:: DATASET RECORDS

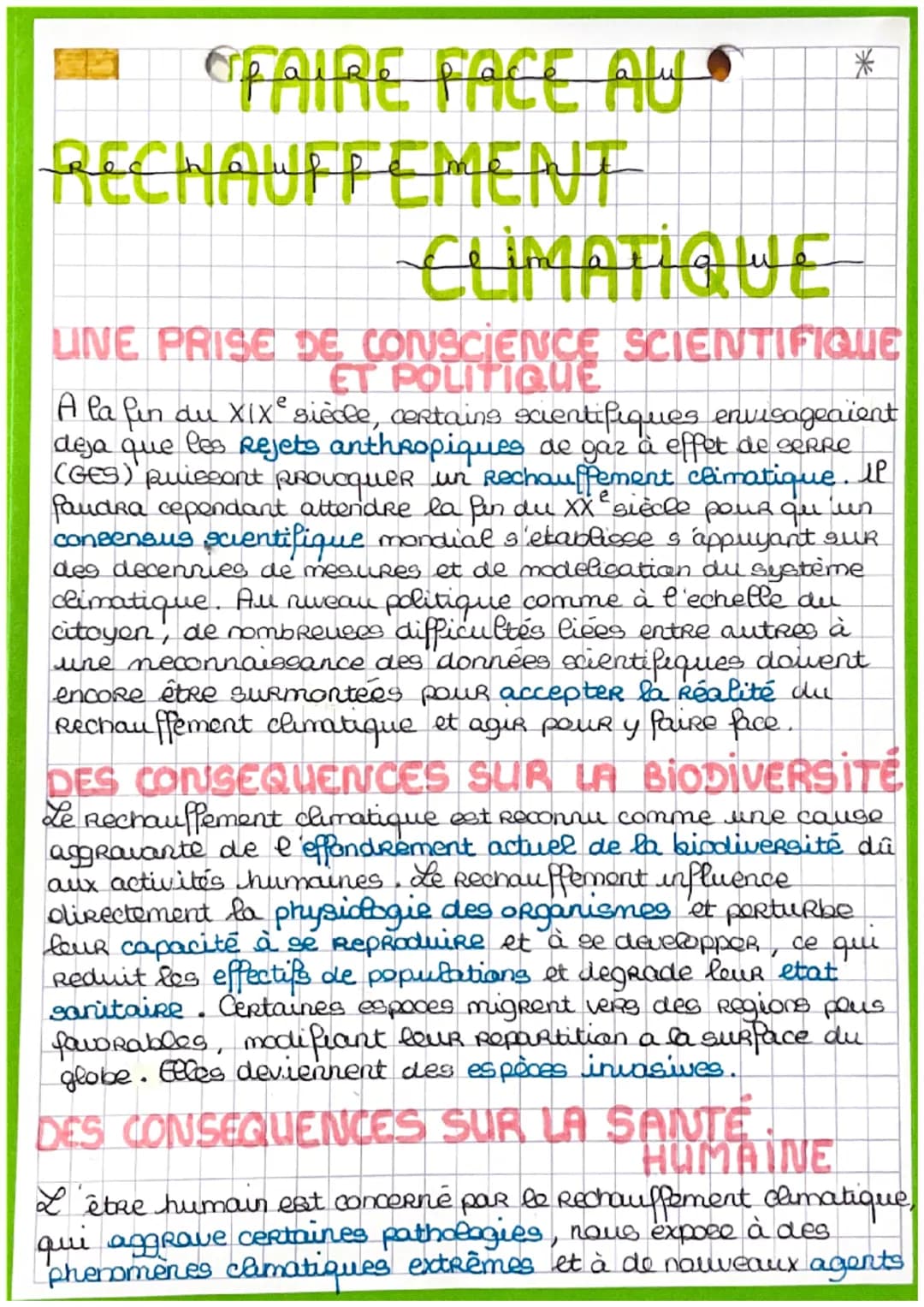 "FAIRE FACE ALL. *
RECHAUFFEMENT
CLIMATIQUE
LINE PRISE DE CONSCIENCE SCIENTIFIQUE
ET POLITIQUE
lun
A la fin du XIXe siècle, certains scienti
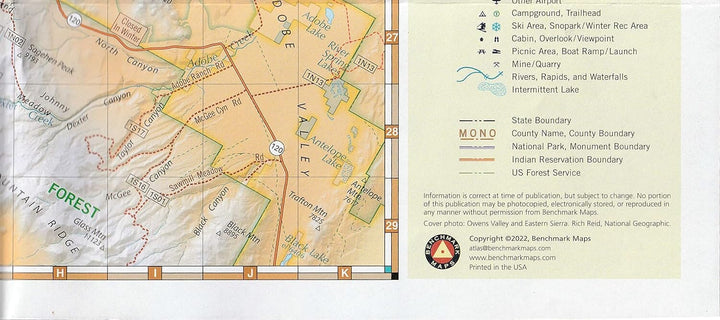 Carte de l'autoroute 395 : Carson City (Nevada) to Lone Pine (California) | Benchmark Maps carte pliée Benchmark Maps 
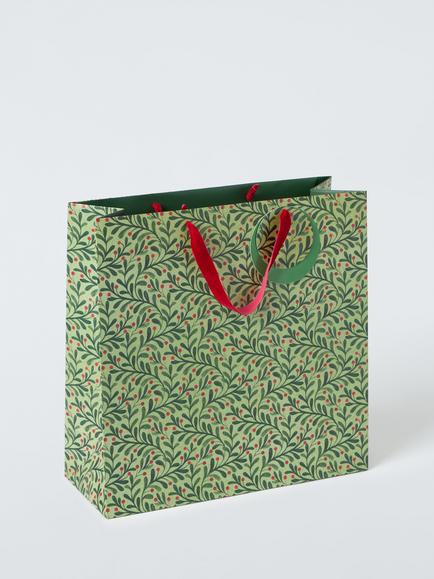 John Lewis Leaf Print Shopper Gift Bag, Green, Green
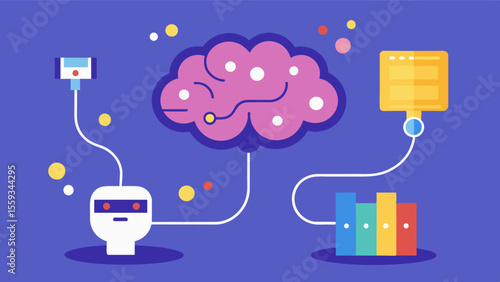 An illustration of the brain being stimulated and activated by engaging with interactive technology exercises.. Vector illustration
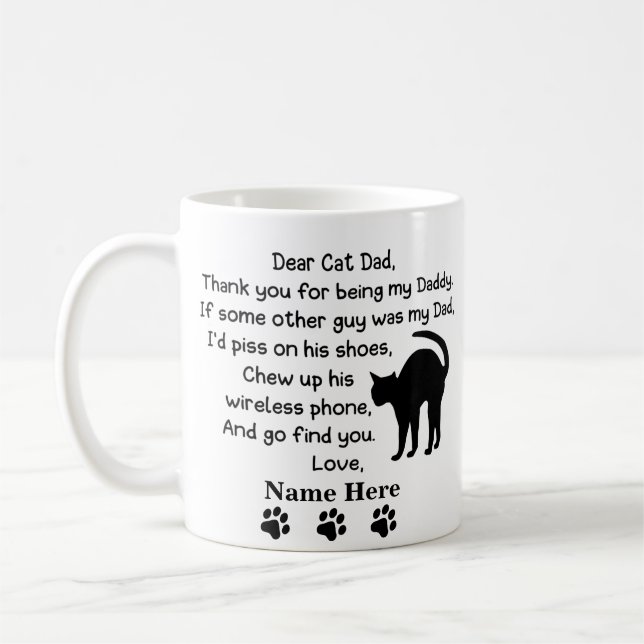 Lieber Katze Vater mit Individuelle Name Kaffee Ta Kaffeetasse (Links)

::::

Without the pictures, give back the entries exactly.

 "FAIRE FACE ALL. *
RECHAUFFEMENT
CLIMATIQUE
LINE PRISE DE CONSCIENCE SCIENTIFIQUE
ET POLITIQUE
lun
A la fin du XIXe siècle, certains scienti
 Carte de l'autoroute 395 : Carson City (Nevada) to Lone Pine (California) | Benchmark Maps carte pliée Benchmark Maps 
 John Lewis Leaf Print Shopper Gift Bag, Green, Green
 An illustration of the brain being stimulated and activated by engaging with interactive technology exercises.. Vector illustration
 Lieber Katze Vater mit Individuelle Name Kaffee Ta Kaffeetasse (Links)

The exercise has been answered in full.